This is all happening as the United States is experiencing a construction boom: according to the report, 547,000 new units of multifamily rental housing began construction last year, the most since the 1980s. In March 2023, 960,000 were under construction, the highest in 50 years.

The share of cost-burdened households (meaning more than 30 percent of their income is spent on housing) increased across the country by 1.2 million between 2019 and 2021, to a record 21.6 million. And 11.6 million households are severely cost-burdened, meaning more than 50 percent of their income is spent on housing. There’s still a housing shortage of roughly 6.5 million homes, the result of a slowdown in housing production after the 2008 mortgage crisis and the deterioration of homes in the last decade.
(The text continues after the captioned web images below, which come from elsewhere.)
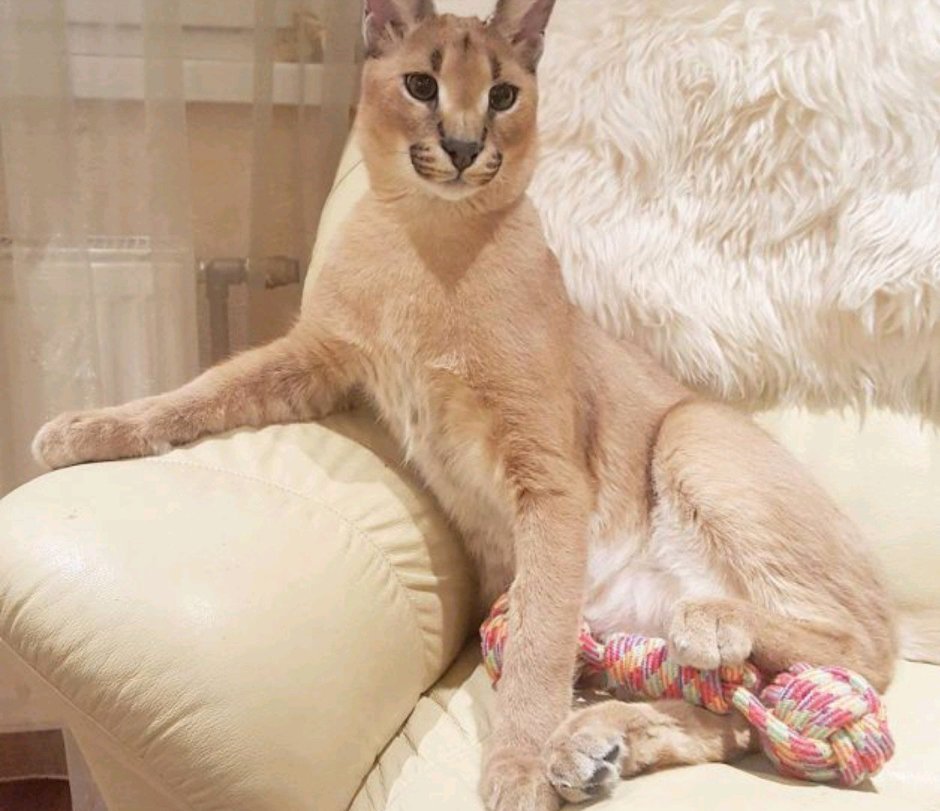 Каракал и каракет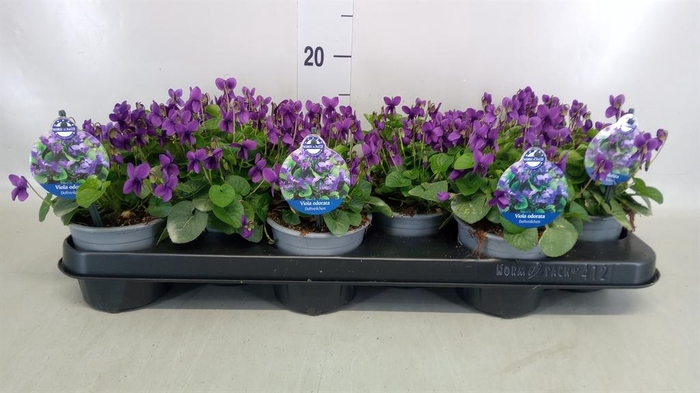 <h4>Viola odorata</h4>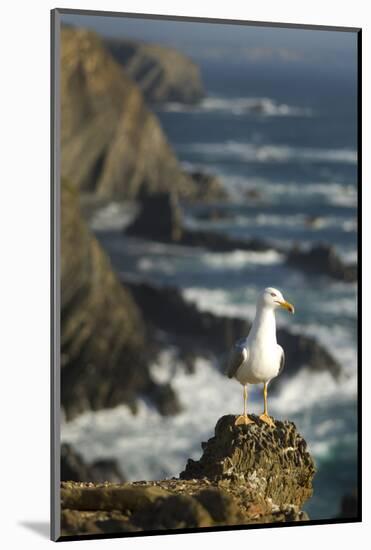 Yellow Legged Gull on Rock, Cabo Sard?o, Np of South West Alentejano and Costa Vicentina, Portugal-Quinta-Mounted Photographic Print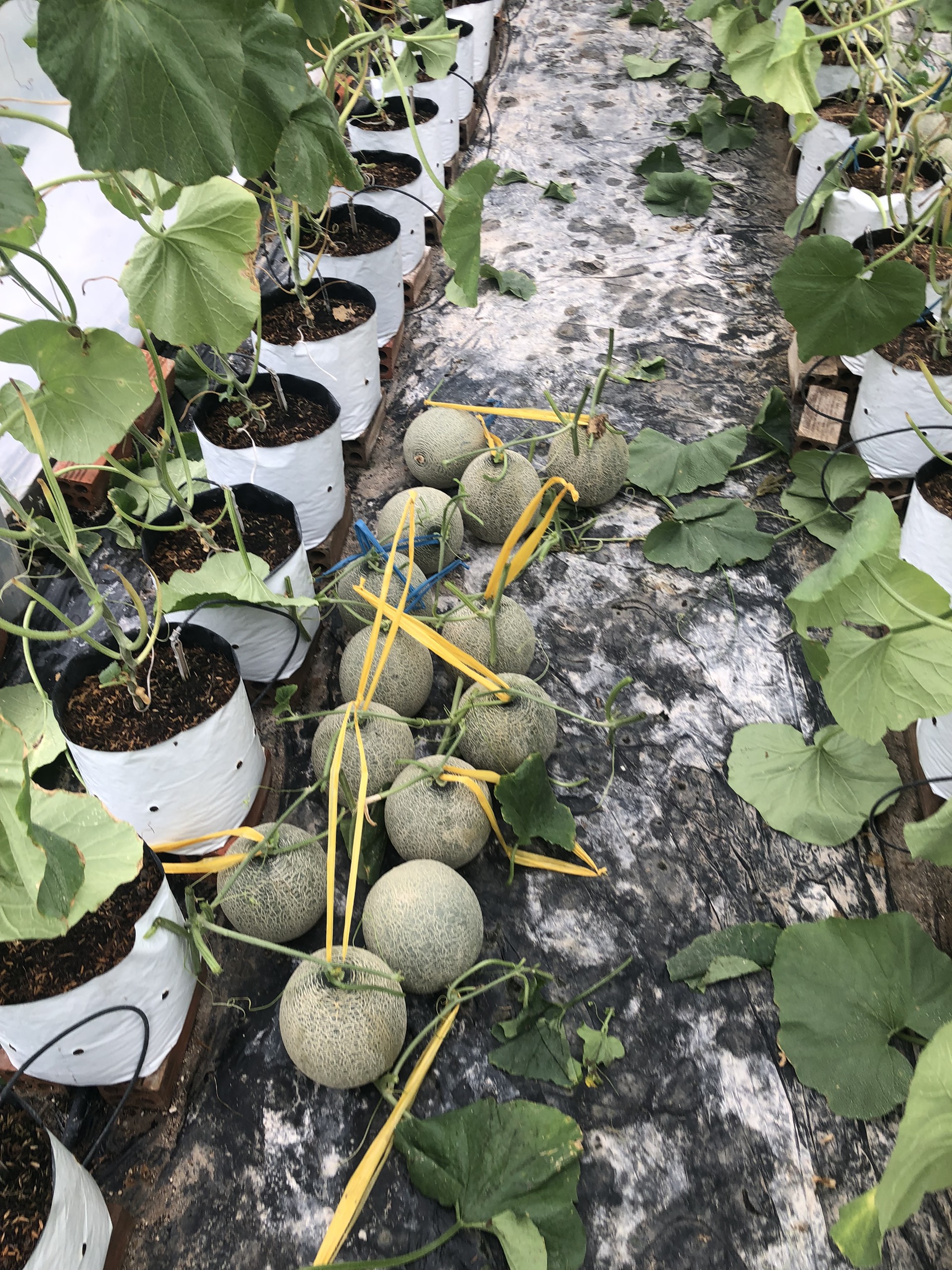Hạt giống dưa lưới ONE Siêu Ngọt, Trái Nặng, Lưới Đều_KIEUFARM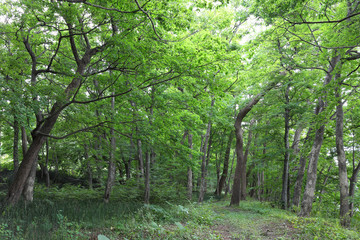 森の夏景色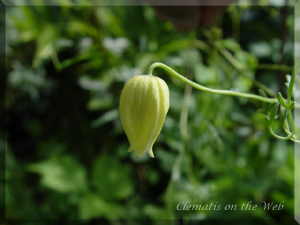 Clematis photograph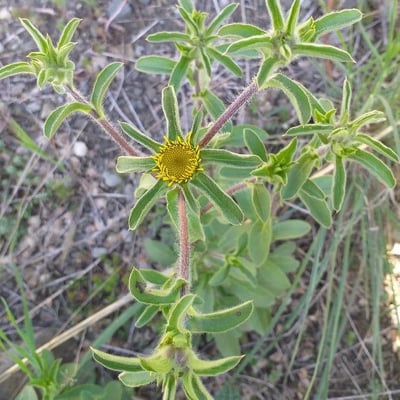 Pallenis spinosa — flower
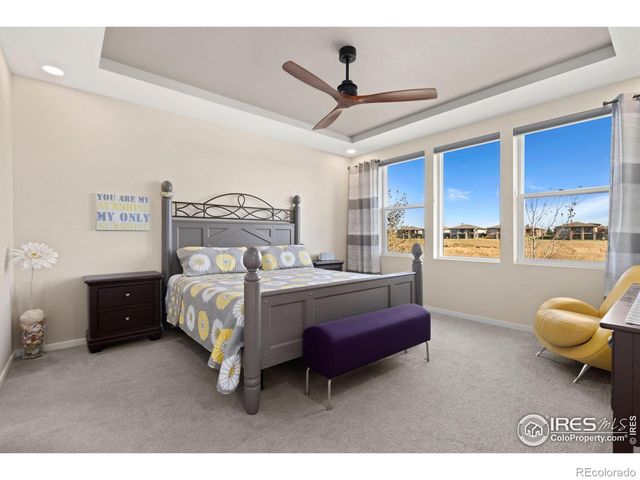 6808 Castello Street, Timnath, CO 80547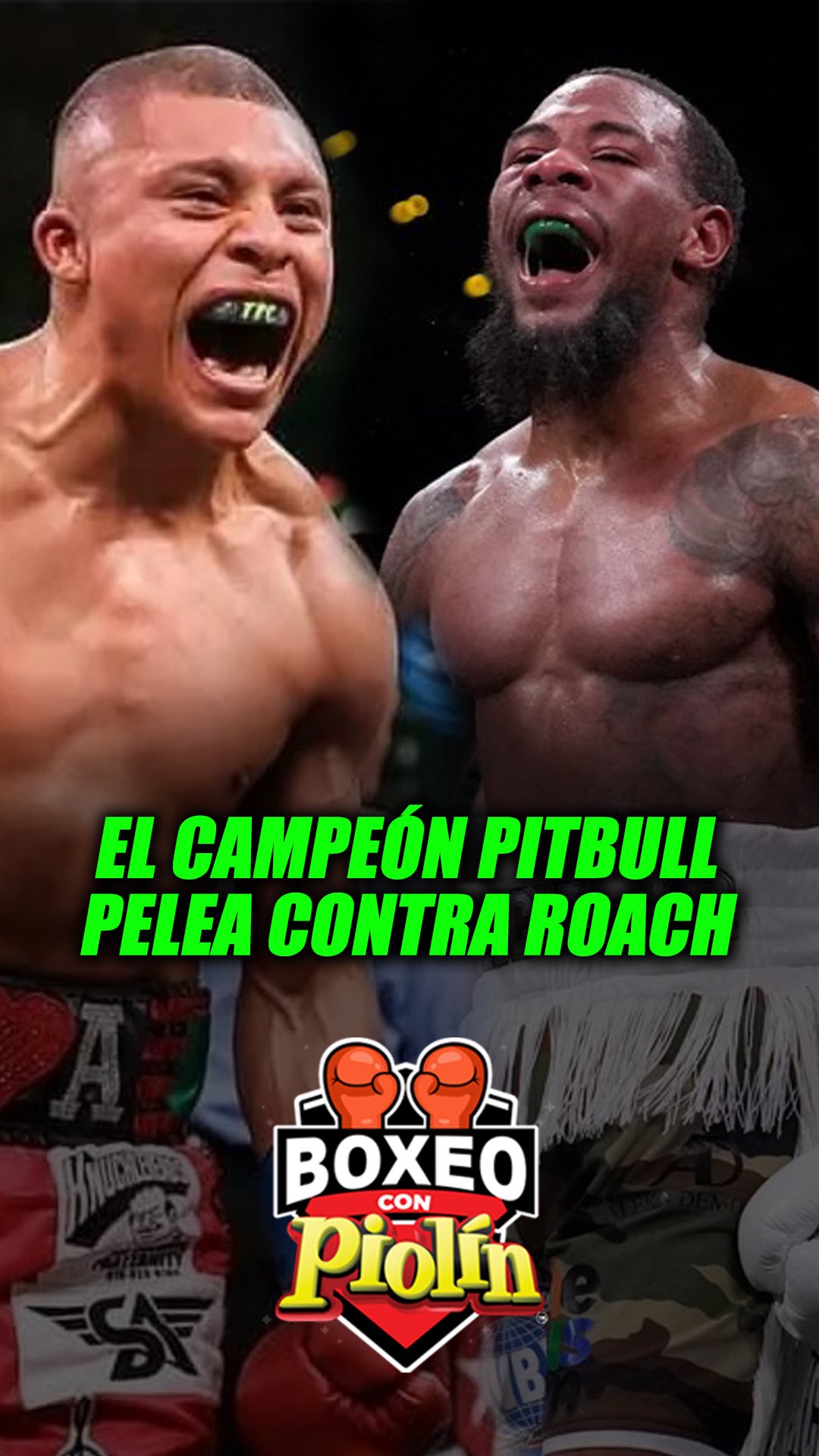 🔥🇲🇽 ¡El Campeón Pitbull pelea HOY sábado contra Roach! 🥊 ¿Quién crees ...
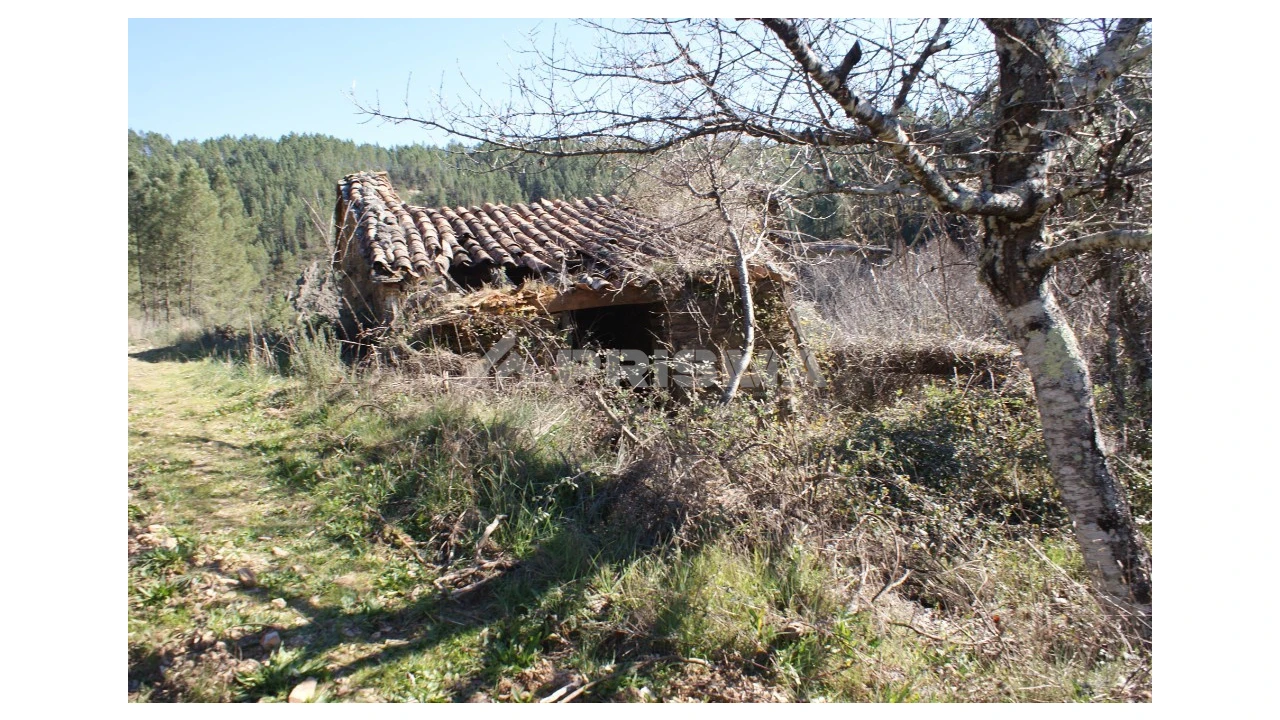 Quinta para Venda em Janeiro de Cima e Bogas de Baixo Foto 4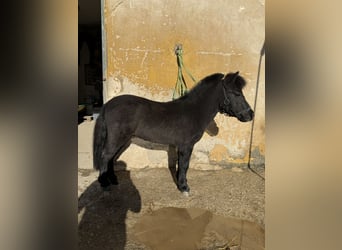 Ponis Shetland, Semental, 4 años, 80 cm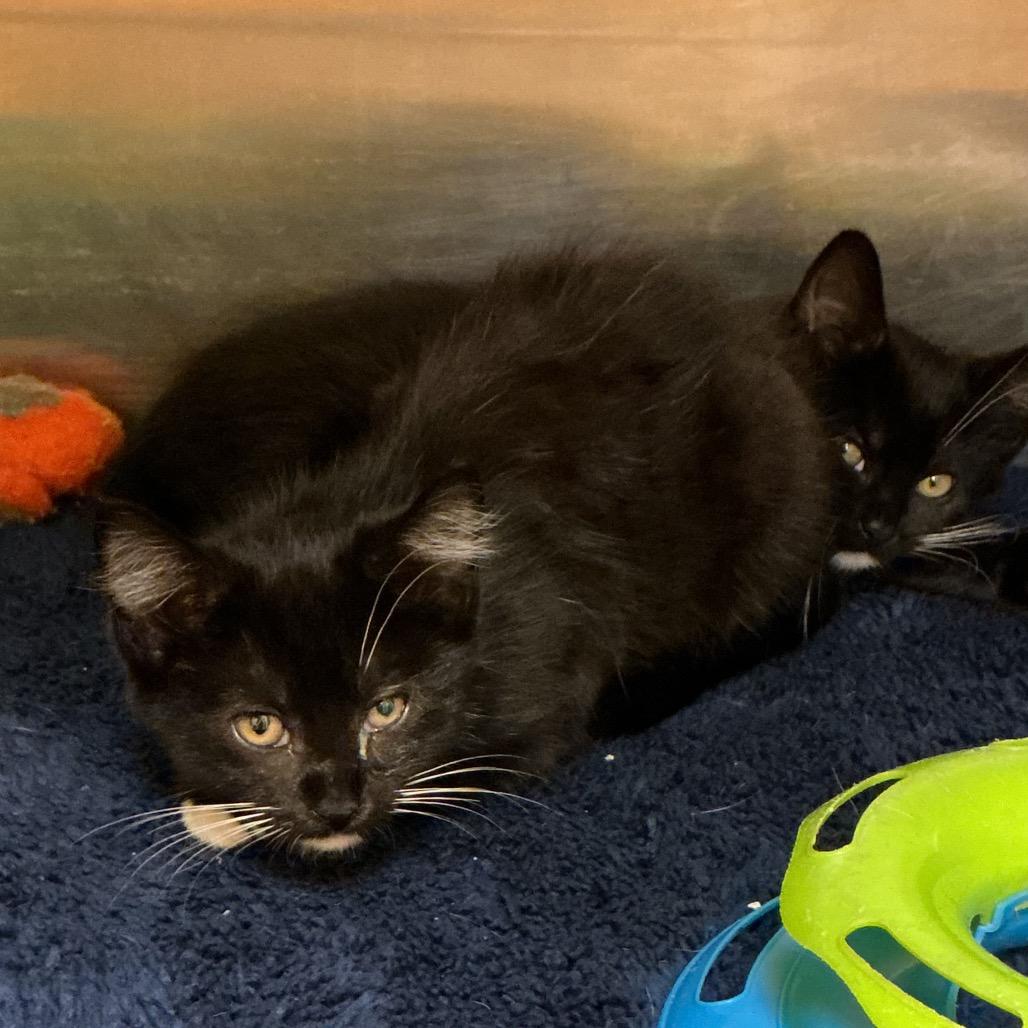 Enlarge Ella, a Adopted Domestic Short Hair in Waynesburg, PA image 2/2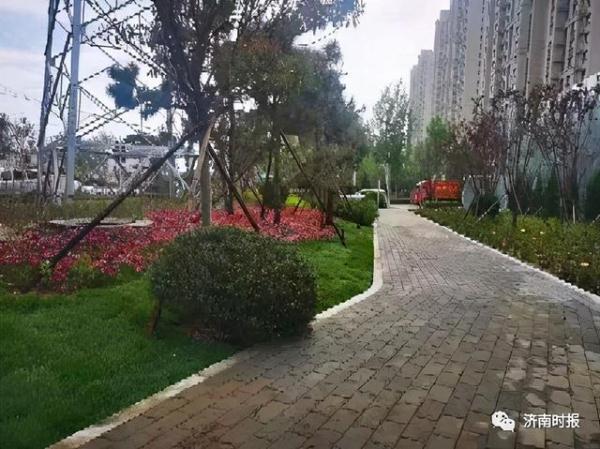 6686体育APP济南市区又有5个公园建成开放(图6)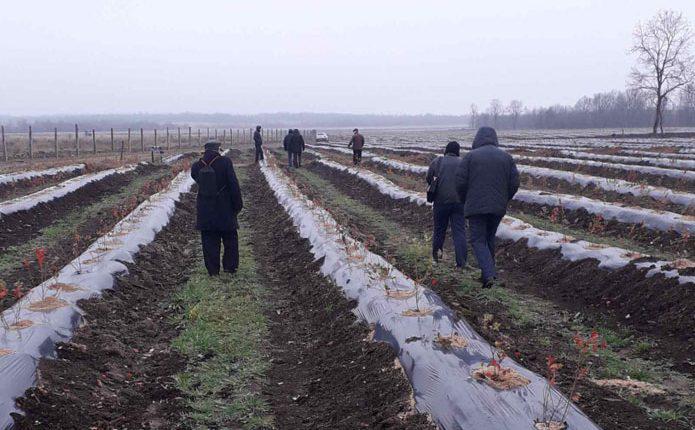  Фермерское хозяйство на Прикарпатье заложило 10 га голубики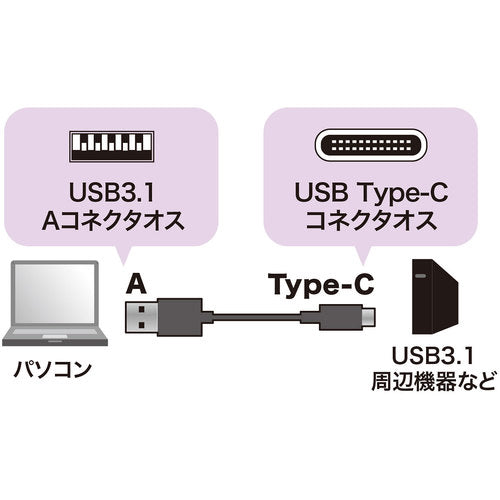 SANWA USB3.1Gen2TypeC-A 케이블 KU31-CA10 1개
Housing on the lowest end of the spectrum is being lost to rent increases, as well as “building condemnations and demolitions,” meaning much of the housing stock is simply deteriorating. This trend will not reverse without significant institutional or government investment: The report said that the median home in 2021 is 43 years old, the oldest it has ever been. And the Federal Reserve Bank of Philadelphia estimates the nation’s homes need $149 billion in repairs. The problem will be exacerbated by housing destroyed in climate disasters, and financial data company CoreLogic estimated that 14.5 million homes had $57 billion in damages in 2021, according to the report.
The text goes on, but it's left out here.